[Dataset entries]
※ ※ ※

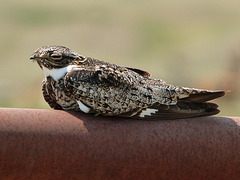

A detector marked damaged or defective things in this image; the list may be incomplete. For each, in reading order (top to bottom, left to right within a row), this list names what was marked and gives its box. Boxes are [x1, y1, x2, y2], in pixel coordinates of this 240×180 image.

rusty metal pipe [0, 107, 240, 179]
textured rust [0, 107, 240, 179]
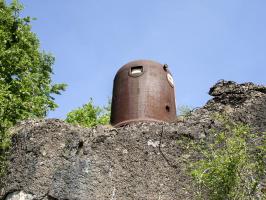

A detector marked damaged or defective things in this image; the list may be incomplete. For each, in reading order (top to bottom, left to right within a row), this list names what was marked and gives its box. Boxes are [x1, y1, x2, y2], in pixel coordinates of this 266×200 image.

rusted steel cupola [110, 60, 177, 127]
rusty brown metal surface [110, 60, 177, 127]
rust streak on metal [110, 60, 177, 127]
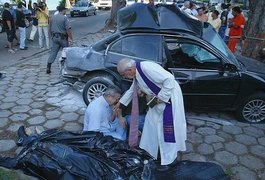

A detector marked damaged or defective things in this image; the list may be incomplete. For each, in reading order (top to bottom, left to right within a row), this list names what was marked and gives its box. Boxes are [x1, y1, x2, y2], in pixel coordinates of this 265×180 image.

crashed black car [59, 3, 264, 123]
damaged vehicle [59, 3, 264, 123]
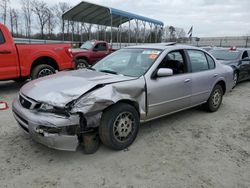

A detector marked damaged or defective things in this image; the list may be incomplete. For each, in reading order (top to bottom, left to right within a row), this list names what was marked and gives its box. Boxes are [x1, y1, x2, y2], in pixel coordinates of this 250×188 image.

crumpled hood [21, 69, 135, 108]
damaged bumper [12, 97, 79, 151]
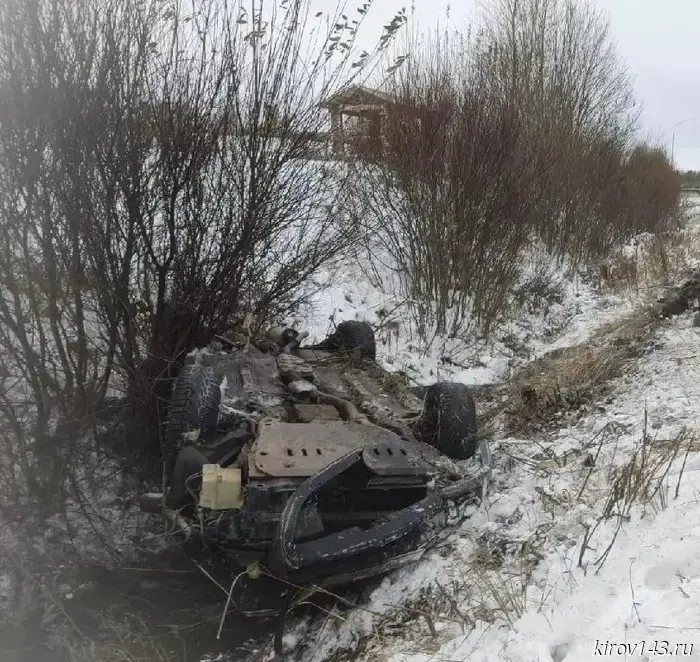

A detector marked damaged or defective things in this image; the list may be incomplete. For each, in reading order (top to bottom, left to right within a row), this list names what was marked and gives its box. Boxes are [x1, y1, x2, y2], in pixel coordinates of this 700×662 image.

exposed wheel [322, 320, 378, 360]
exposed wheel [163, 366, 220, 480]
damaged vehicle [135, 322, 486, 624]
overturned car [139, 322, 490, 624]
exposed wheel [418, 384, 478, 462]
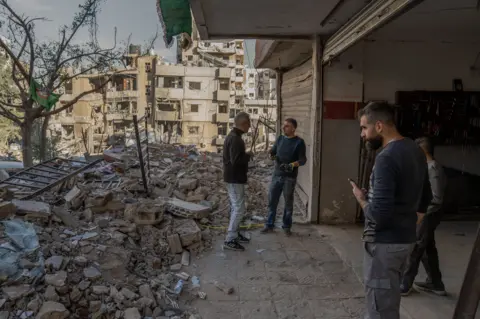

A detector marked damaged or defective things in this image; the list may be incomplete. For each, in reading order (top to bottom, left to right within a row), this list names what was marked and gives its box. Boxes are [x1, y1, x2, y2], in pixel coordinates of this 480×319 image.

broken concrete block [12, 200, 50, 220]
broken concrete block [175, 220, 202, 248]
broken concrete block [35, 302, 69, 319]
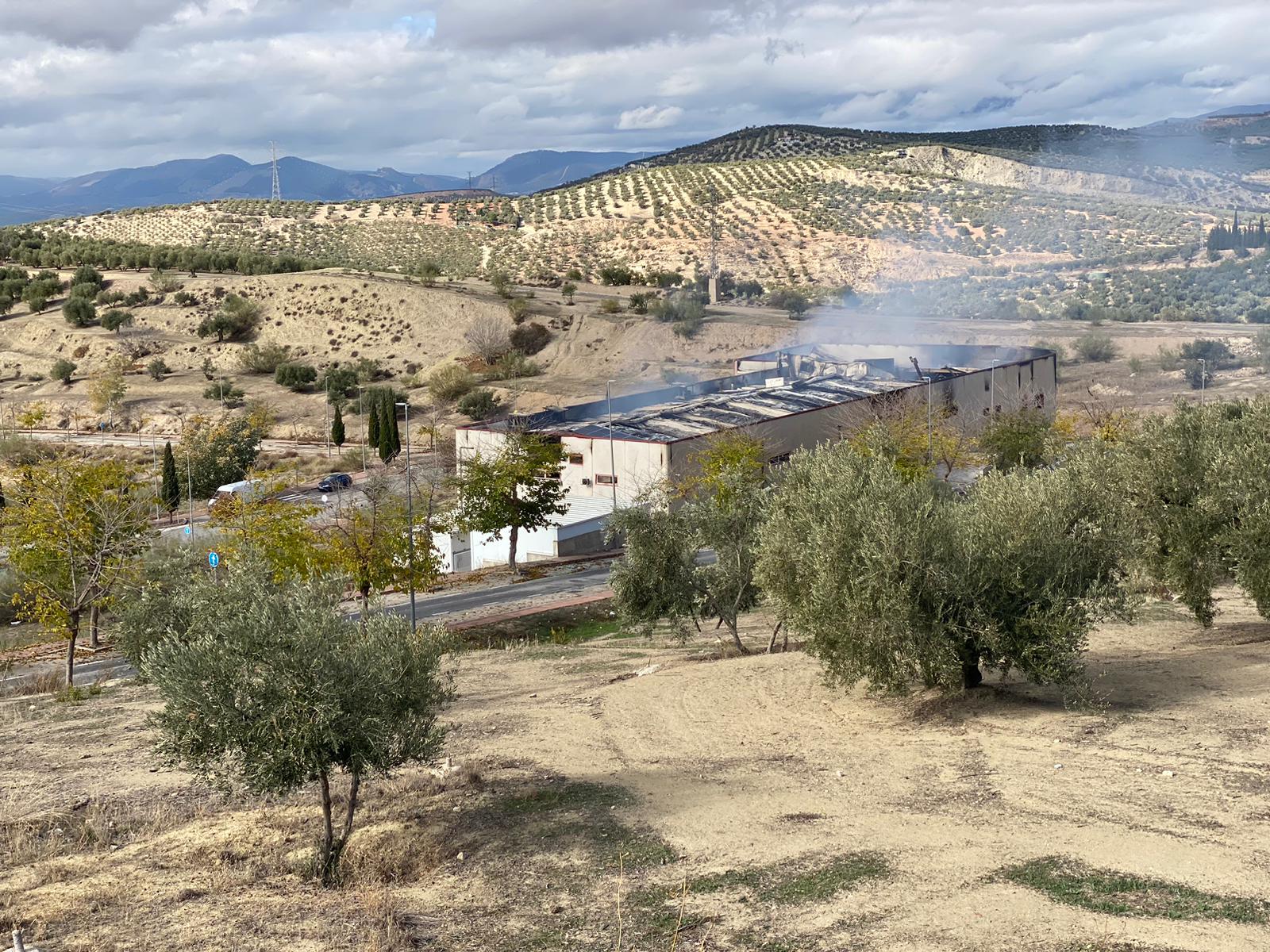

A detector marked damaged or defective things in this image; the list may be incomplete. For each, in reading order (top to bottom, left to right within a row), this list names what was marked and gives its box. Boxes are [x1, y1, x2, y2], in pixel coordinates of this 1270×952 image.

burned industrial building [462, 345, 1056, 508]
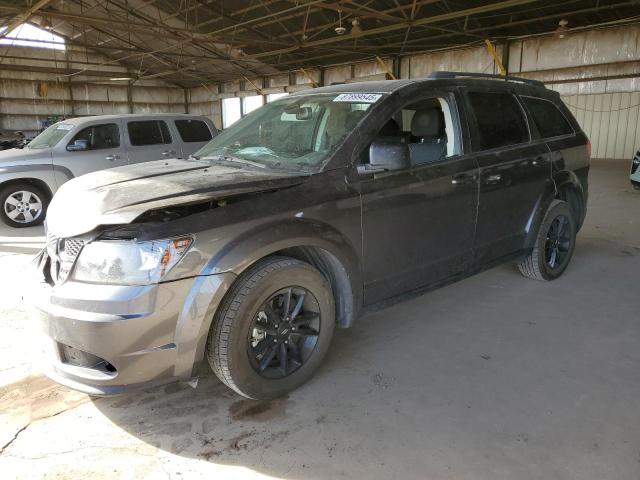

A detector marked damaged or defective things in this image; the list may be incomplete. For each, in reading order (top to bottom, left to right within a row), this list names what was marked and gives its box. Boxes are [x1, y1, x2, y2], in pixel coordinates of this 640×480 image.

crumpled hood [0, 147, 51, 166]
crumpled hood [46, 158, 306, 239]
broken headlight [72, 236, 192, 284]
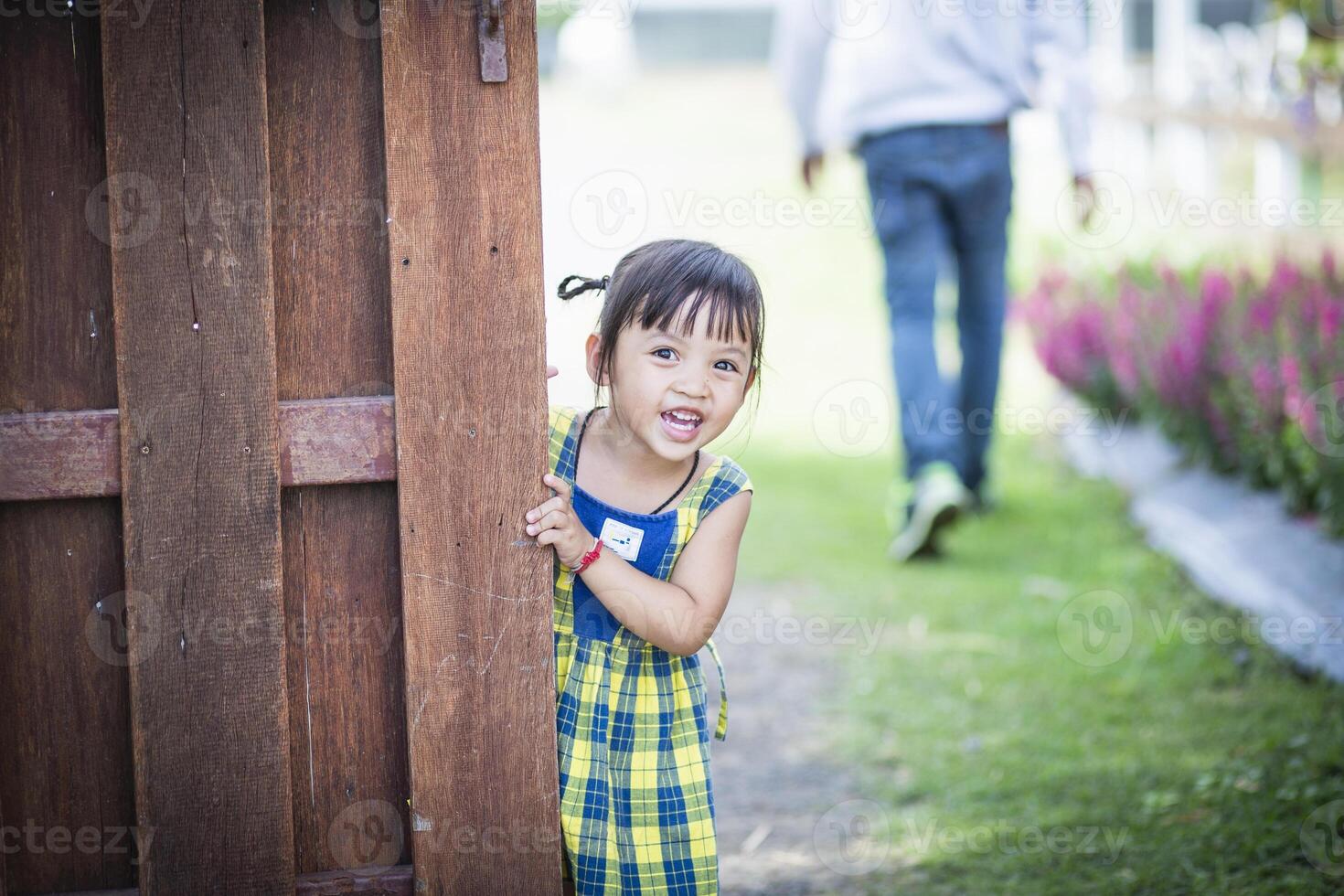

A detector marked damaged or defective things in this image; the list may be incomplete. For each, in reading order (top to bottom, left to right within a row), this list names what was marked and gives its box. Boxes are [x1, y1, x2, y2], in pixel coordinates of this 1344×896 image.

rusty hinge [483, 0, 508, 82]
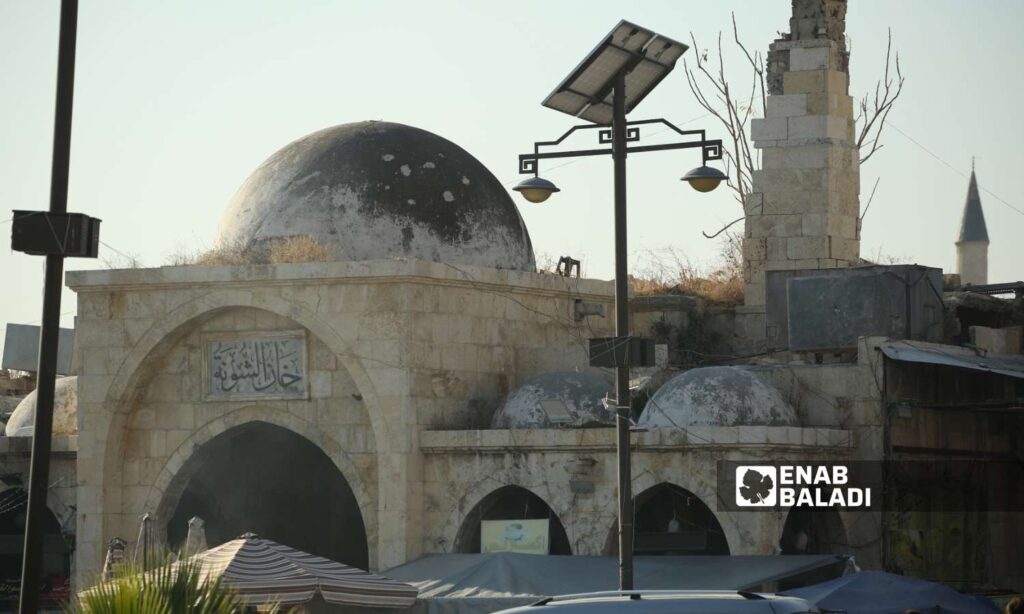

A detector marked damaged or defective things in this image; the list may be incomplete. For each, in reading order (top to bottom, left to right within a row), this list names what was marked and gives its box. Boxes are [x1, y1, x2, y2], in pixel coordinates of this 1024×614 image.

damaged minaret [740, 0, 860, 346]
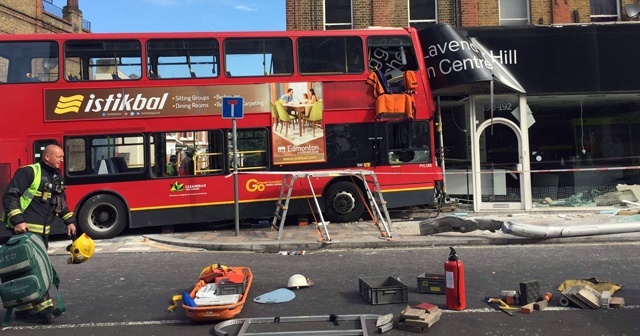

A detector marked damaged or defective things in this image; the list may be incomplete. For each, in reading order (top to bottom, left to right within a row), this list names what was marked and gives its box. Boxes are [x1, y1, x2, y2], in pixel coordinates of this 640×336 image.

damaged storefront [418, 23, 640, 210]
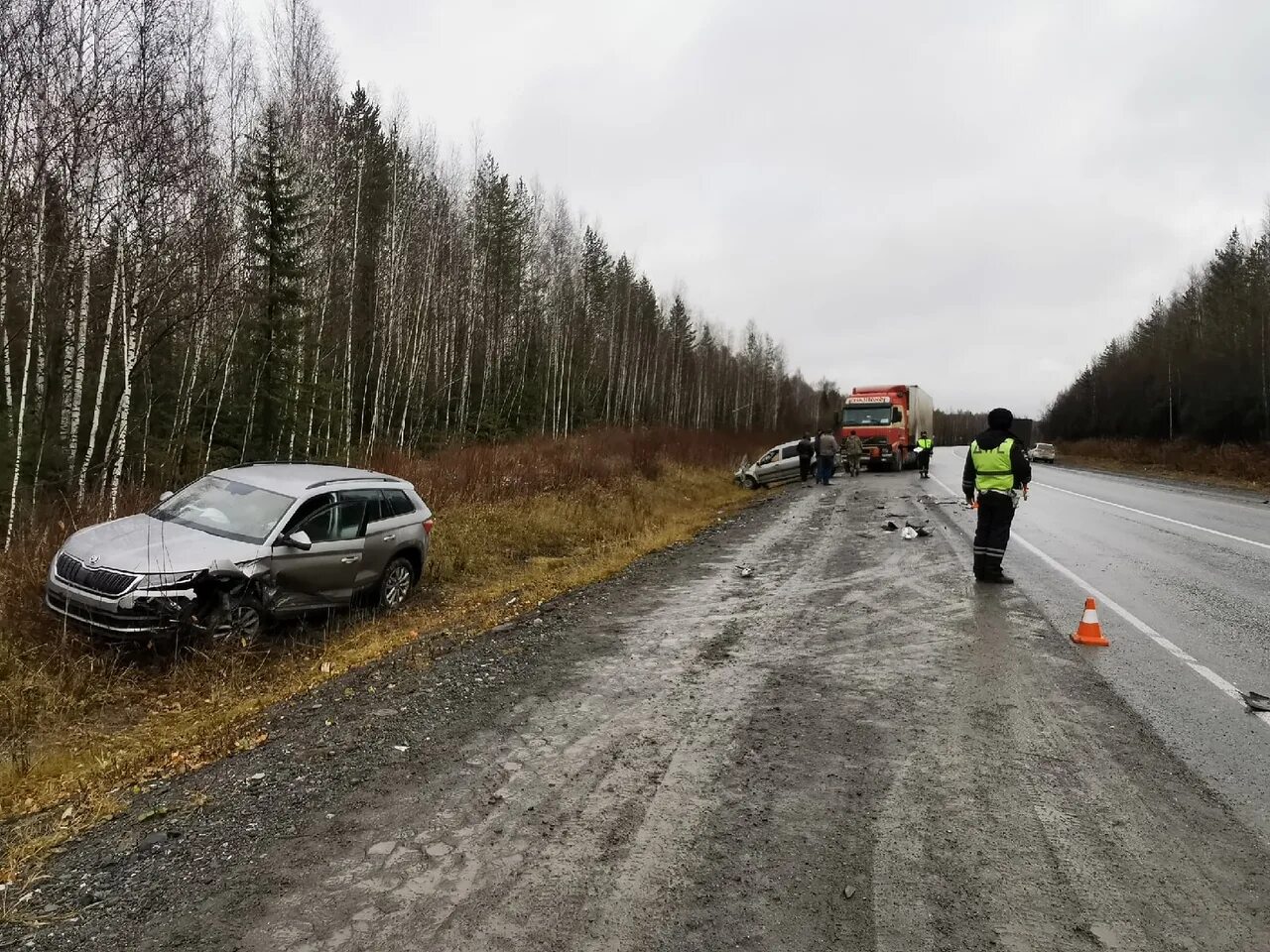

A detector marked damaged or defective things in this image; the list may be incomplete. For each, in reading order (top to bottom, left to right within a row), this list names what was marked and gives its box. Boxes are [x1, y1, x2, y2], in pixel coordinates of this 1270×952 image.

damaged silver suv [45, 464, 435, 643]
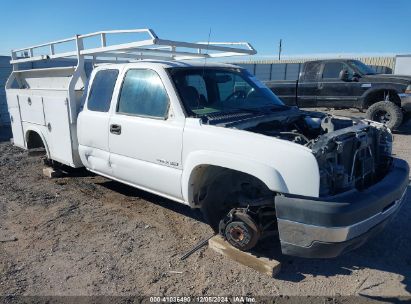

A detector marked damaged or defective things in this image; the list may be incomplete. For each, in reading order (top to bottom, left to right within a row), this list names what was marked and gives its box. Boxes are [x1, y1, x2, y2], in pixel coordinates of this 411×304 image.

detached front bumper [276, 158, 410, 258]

※ ※ ※

— Work task —
Give back the lines from the one containing "this 1024×614 image." through the last line of the records above exactly as they appear, both included, and no pictures.

— Solution —
A detector marked damaged or defective things in this image; the list may be incomplete. For each, in reading order (top to bottom, left to right within a row), this list names what was marked and gives its box. Boxes are [x1, y1, x2, y2], in pixel coordinates of this 1024×614 image.

damaged minaret [740, 0, 860, 346]

A detector marked damaged or defective things in this image; the list may be incomplete. For each, in reading order (top to bottom, left to right within a row), this list names what was marked and gives its box. Boxes are [x1, y1, x2, y2], in pixel coordinates of this 640×336 image.

damaged storefront [418, 23, 640, 210]

A detector marked damaged or defective things in this image; the list may be incomplete. For each, in reading order (top to bottom, left to right within a row), this list names what was marked and gives its box. Boxes are [x1, y1, x2, y2], in pixel coordinates of this 1270×952 image.

damaged silver suv [45, 464, 435, 643]

A detector marked damaged or defective things in this image; the list may be incomplete. For each, in reading order (top to bottom, left to right within a row), this list names what was marked and gives its box. Boxes are [x1, y1, x2, y2], in pixel coordinates of this 411×304 image.

detached front bumper [276, 158, 410, 258]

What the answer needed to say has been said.